The Opposite(Antonym) of “nonsingular”
The antonyms of nonsingular are singular and zero determinant. The antonyms singular and zero determinant convey a different meaning from nonsingular in the context of mathematics.
Explore all Antonyms of “nonsingular”
- singular
- zero determinant
Definitions and Examples of singular, zero determinant
Learn when and how to use these words with these examples!
Refers to a matrix that has no inverse, or a linear equation system that has no unique solution.
Example
The matrix is singular, which means it has no inverse.
Refers to a matrix with a determinant of zero, which means it has no inverse.
Example
The determinant of the matrix is zero, which makes it a zero determinant matrix.
Key Differences: singular vs zero determinant
- 1Singular refers to a matrix that has no inverse or a linear equation system that has no unique solution.
- 2Zero determinant refers to a matrix with a determinant of zero, which means it has no inverse.

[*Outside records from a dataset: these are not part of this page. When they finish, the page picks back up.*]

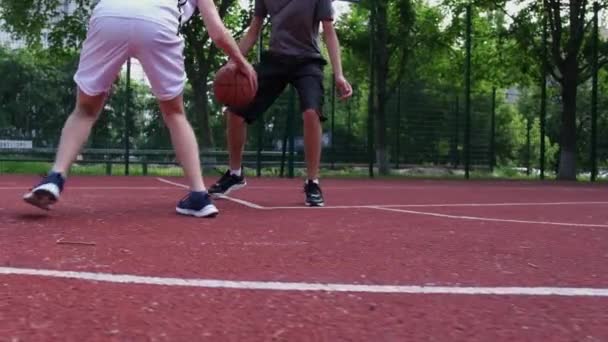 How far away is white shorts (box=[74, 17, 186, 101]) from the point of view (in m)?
4.09

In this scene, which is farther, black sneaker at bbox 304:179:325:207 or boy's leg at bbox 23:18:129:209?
black sneaker at bbox 304:179:325:207

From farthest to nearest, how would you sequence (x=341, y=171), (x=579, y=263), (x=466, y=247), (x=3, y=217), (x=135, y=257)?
1. (x=341, y=171)
2. (x=3, y=217)
3. (x=466, y=247)
4. (x=579, y=263)
5. (x=135, y=257)

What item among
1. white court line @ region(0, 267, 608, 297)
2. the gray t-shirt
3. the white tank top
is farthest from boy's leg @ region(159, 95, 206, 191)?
white court line @ region(0, 267, 608, 297)

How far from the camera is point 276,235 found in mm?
3705

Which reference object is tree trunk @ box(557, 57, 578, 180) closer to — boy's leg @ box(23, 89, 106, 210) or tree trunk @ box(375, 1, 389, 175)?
tree trunk @ box(375, 1, 389, 175)

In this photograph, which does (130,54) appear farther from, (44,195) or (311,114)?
(311,114)

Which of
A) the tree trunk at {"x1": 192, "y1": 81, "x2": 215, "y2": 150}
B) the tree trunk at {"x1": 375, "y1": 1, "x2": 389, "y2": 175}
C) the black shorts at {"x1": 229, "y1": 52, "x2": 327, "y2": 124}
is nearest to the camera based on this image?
the black shorts at {"x1": 229, "y1": 52, "x2": 327, "y2": 124}

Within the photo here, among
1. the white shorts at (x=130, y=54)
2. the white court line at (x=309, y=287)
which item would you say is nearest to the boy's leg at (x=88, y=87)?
the white shorts at (x=130, y=54)

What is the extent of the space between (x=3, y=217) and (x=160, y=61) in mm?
1233

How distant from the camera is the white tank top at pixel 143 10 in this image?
4.09 meters

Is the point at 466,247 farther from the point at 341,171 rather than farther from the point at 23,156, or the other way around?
the point at 341,171

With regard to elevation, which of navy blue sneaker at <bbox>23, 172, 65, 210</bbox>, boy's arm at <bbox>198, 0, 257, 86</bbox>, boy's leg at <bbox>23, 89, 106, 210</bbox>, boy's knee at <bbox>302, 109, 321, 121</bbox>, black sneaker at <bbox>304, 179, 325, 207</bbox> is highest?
boy's arm at <bbox>198, 0, 257, 86</bbox>

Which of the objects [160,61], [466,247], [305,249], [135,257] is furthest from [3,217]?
[466,247]

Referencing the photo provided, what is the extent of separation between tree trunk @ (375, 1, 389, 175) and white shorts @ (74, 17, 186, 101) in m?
16.5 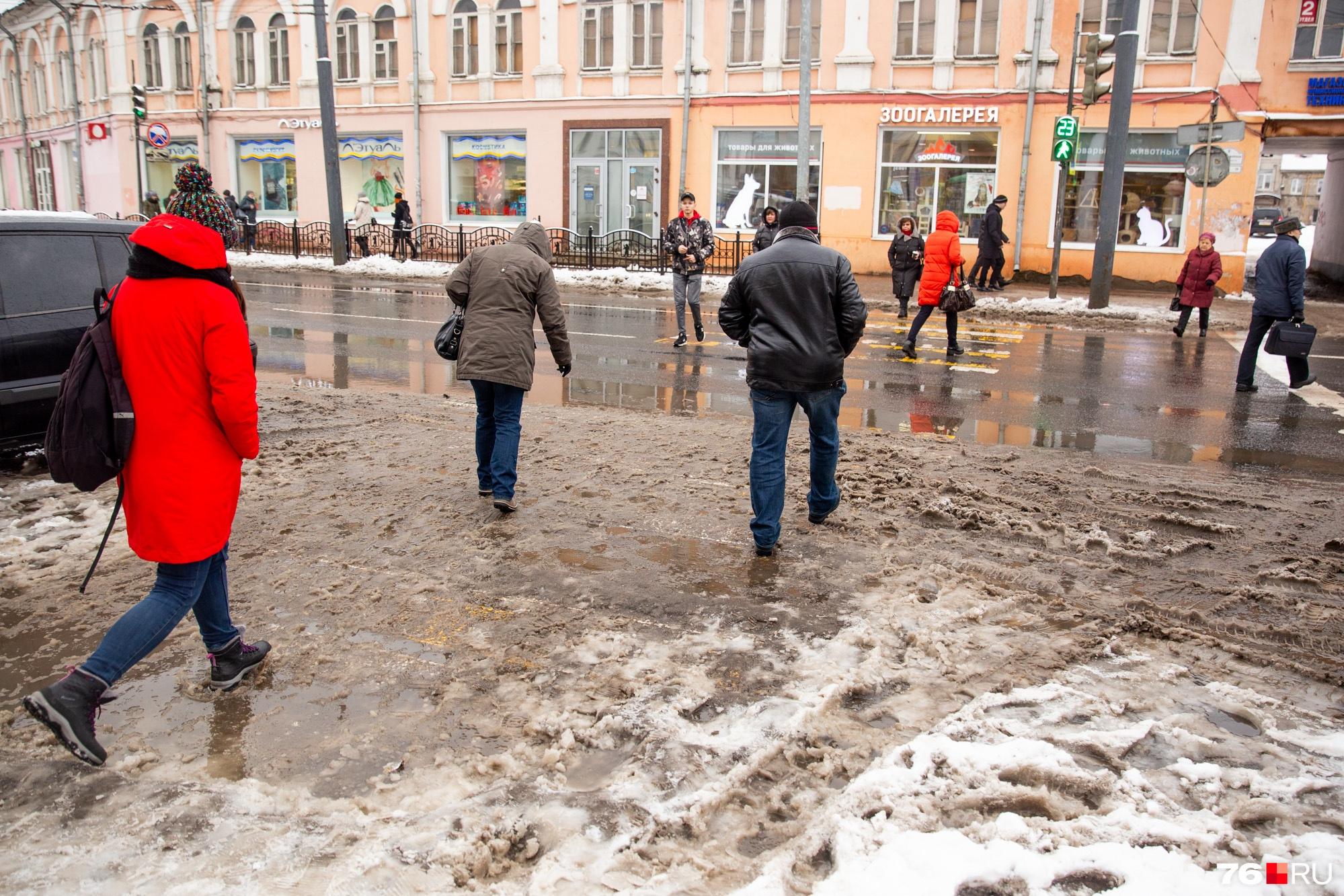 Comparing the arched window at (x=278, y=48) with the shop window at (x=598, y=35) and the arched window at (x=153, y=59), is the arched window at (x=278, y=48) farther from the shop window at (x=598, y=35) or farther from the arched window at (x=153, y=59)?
the shop window at (x=598, y=35)

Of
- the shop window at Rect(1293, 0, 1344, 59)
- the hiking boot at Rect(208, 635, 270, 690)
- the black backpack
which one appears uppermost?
the shop window at Rect(1293, 0, 1344, 59)

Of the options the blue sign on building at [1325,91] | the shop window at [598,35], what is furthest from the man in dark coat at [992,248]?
the shop window at [598,35]

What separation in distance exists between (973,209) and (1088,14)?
520 cm

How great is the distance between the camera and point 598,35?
91.2 feet

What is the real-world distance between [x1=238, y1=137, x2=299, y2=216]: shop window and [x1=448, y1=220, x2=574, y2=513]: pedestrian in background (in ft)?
98.9

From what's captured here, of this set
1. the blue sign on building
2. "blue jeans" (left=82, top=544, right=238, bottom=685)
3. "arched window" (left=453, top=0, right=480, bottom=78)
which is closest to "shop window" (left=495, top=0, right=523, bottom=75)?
"arched window" (left=453, top=0, right=480, bottom=78)

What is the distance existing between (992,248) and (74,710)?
70.1 feet

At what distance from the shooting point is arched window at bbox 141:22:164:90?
35188 millimetres

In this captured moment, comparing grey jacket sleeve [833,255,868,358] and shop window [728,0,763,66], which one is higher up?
shop window [728,0,763,66]

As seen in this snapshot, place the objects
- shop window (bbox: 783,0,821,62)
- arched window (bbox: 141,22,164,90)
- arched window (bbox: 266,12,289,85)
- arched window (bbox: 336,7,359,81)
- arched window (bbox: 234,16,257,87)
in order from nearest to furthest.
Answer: shop window (bbox: 783,0,821,62), arched window (bbox: 336,7,359,81), arched window (bbox: 266,12,289,85), arched window (bbox: 234,16,257,87), arched window (bbox: 141,22,164,90)

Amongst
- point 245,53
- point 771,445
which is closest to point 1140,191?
point 771,445

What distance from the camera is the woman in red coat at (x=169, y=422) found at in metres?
3.32

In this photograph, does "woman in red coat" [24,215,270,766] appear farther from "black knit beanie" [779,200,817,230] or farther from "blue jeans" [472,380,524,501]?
"black knit beanie" [779,200,817,230]

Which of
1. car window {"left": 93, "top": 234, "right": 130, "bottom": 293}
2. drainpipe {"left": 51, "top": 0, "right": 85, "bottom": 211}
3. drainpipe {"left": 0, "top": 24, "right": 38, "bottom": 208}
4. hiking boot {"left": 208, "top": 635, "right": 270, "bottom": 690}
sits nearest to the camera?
hiking boot {"left": 208, "top": 635, "right": 270, "bottom": 690} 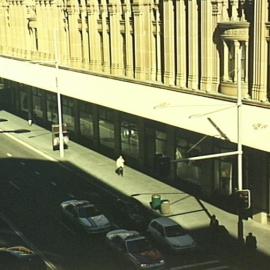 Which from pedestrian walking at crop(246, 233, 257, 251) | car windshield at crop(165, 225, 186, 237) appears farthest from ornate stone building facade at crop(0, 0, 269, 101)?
car windshield at crop(165, 225, 186, 237)

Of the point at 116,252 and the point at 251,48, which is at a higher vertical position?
the point at 251,48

Effective Usage of singular, zero determinant
- 1Mathematics: Use these antonyms to describe matrices and linear equation systems.
- 2Academic Writing: Incorporate these antonyms in academic writing to demonstrate a clear understanding of mathematical concepts.
- 3Problem Solving: Utilize these antonyms to solve mathematical problems involving matrices and linear equation systems.
Remember this!
The antonyms singular and zero determinant convey a different meaning from nonsingular in the context of mathematics. Use these words to describe matrices and linear equation systems, incorporate them in academic writing, and utilize them to solve mathematical problems.